Tunney arrived in Speculator on August 3, 1926 and was immediately followed by a plethora of media members. The restaurant area of the hotel became the makeshift press office and the sound of typewriters clacking day and night filled the building as they would report on Tunney’s every move during the training camp in order to promote the fight worldwide. Even though it was the height of Prohibition, there was a taproom in one of the hotels and the local sheriff did not enforce the law, thus Speculator became the hot spot for fight fans, and the press, wanting to come watch Tunney prepare for the championship. Both local fans from Fulton and Hamilton Counties, as well as the affluent fans from New York City, New Jersey and surrounding states started coming by train by way of Amsterdam, Fonda and Northville, as well as by car, bus and even amphibious planes which would splash down on Lake Pleasant and taxi up to the beach behind Osborne Hotel. Crowds of 2,000 people a day and upwards of 5,000 on the weekends would converge on Speculator. The busier the camp became, the more Tunney needed additional privacy to keep relaxed and focused. The Osbornes moved Tunney to a small camp secluded in the Pine Trees on their property.
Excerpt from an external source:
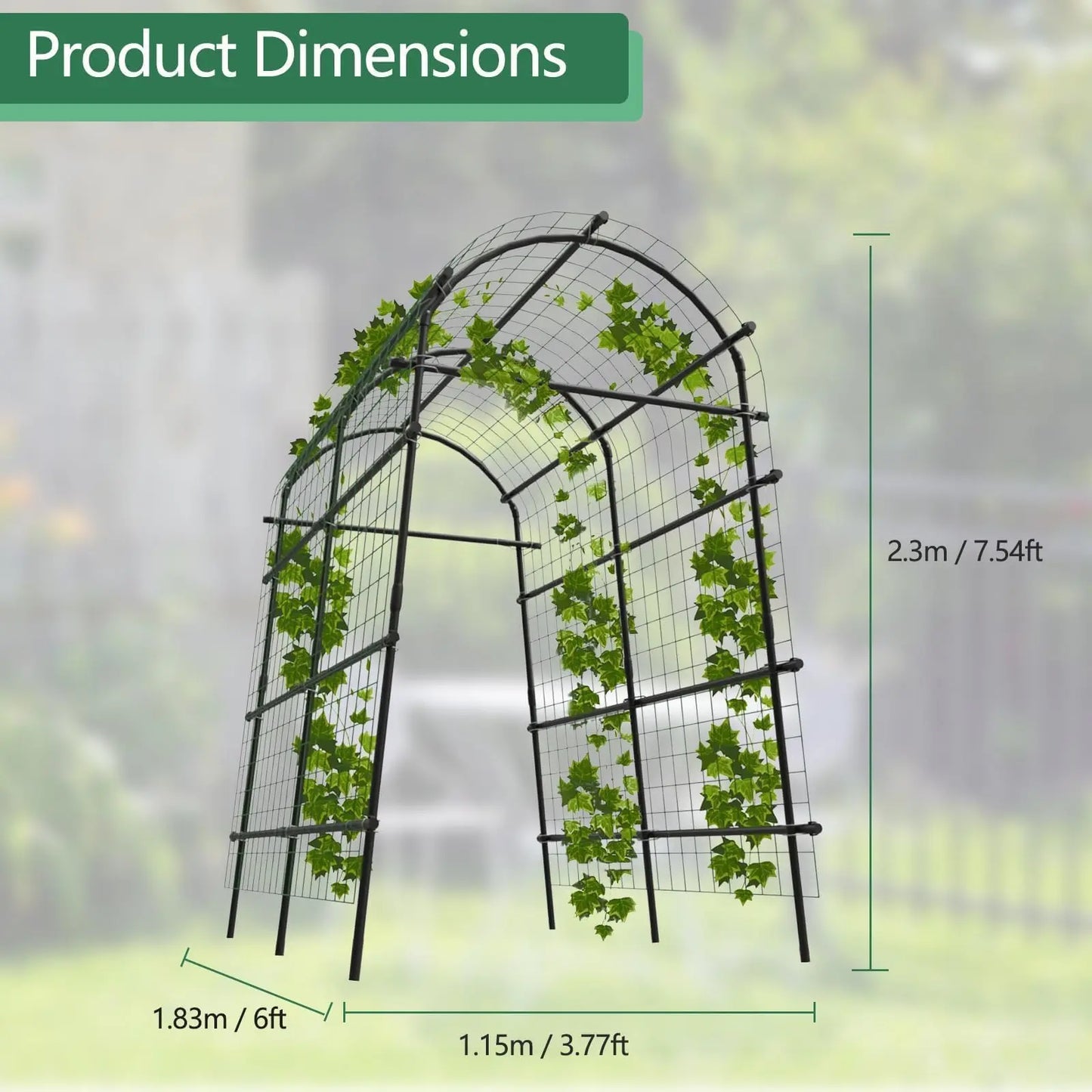 HiMISS Extra Tall Garden Arch Trellis Adjustable Outdoor Arbor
It was referred to as “the Shack” as it was about the size of a tool shed and had room enough for his bed, a desk and some reading material.
Most mornings, Tunney would do six to nine miles of roadwork on the remote Adirondack roads to build his wind and his legs. After breakfast, Tunney would retreat to his cabin and read books to pass the boredom of training camp. He was an autodidact, and liked to read the classics to help improve himself. Then afternoon training sessions took place which incorporated speed bag work, heavy bag work and sparring with other professional boxers who were brought into the camp. These fighters were often light-heavyweights who were smaller, but faster than typical heavyweights. He also specifically looked for fighters who had sparring or fighting experience against Dempsey. On days when he did not spar, former Hamilton County Sheriff and popular local Adirondack Guide, Frank “Pants” Lawrence, would take Tunney on long hikes deep into the surrounding Adirondack Mountains. After dinner each night, instead of the traditional fight camp activities of playing cards, drinking and chasing women, Tunney would canoe on the Kunjamuk River or take a walk along the shorelines of Lake Pleasant, before retiring to his cabin in the woods and listen to classical music.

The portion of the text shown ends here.